Re: [PATCH v10 11/12] Documentation: add documentation for 'git interpret-trailers'

[Date Prev][Date Next][Thread Prev][Thread Next][Date Index][Thread Index]

 



tl;dr: This patch series wants to introduce a permanent new Git data
format.  The current version can write trailers in formats that it is
incapable of reading, which I consider broken.  I advocate a stricter
specification of the format of trailers, at least until we get feedback
from users that they need more flexibility.

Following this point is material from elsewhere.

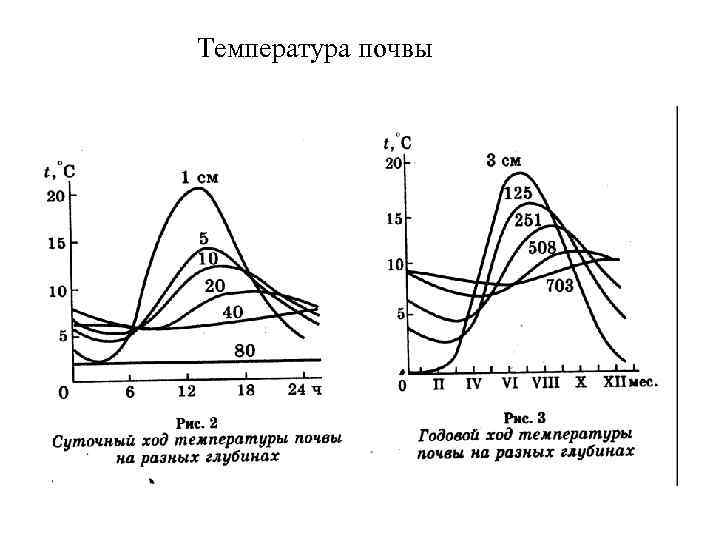 Температура почвы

On 05/25/2014 10:37 AM, Christian Couder wrote:
> From: Michael Haggerty <mhagger@xxxxxxxxxxxx>
> [...]
>> * A way for users to add information to commits for whatever purpose
>>   they want, without having to convince upstream to built support in.
> 
> Yeah, I agree this is the main purpose of trailers.
> 
>> * A standard format for that information, so that all tools can agree
>>   how to read/write trailers without being confused by or breaking
>>   trailers that they didn't know about in advance.
> 
> Yeah, but don't you think this goal can sometimes go against the
> previous goal?
> 
> I mean, if some users for their project think that it's better, for
> example, if they use trailers like "Fix #42" instead of "Fix: 42",
> because their bug tracking system supports "Fix #42" better, we should
> let them do what suits them better, even if Git supports them not as
> well as if they used "Fix: 42".

The flexibility that comes from offering our users a more-or-less
general key/value store already accomplishes the first goal.  With that
the users *could* store their data as "Fix: 42" or "Fixes: #42" and
satisfy their functional requirements.

Giving them the option to use "Fix #42" doesn't make *any* new
functionality possible.  It is pure eye-candy.  And it would come at the
IMO high cost of making it harder for *everybody* to work with the
metadata.  It makes the specification more complicated.  It makes the
code more complicated.  It makes the configuration more complicated.  It
makes it more likely that there will be "false positives" (text in a
commit message that our code recognizes as key/value data even though it
was not meant to be).  And in my opinion it makes the k/v data itself
harder for a human to read because it is not in a uniform format.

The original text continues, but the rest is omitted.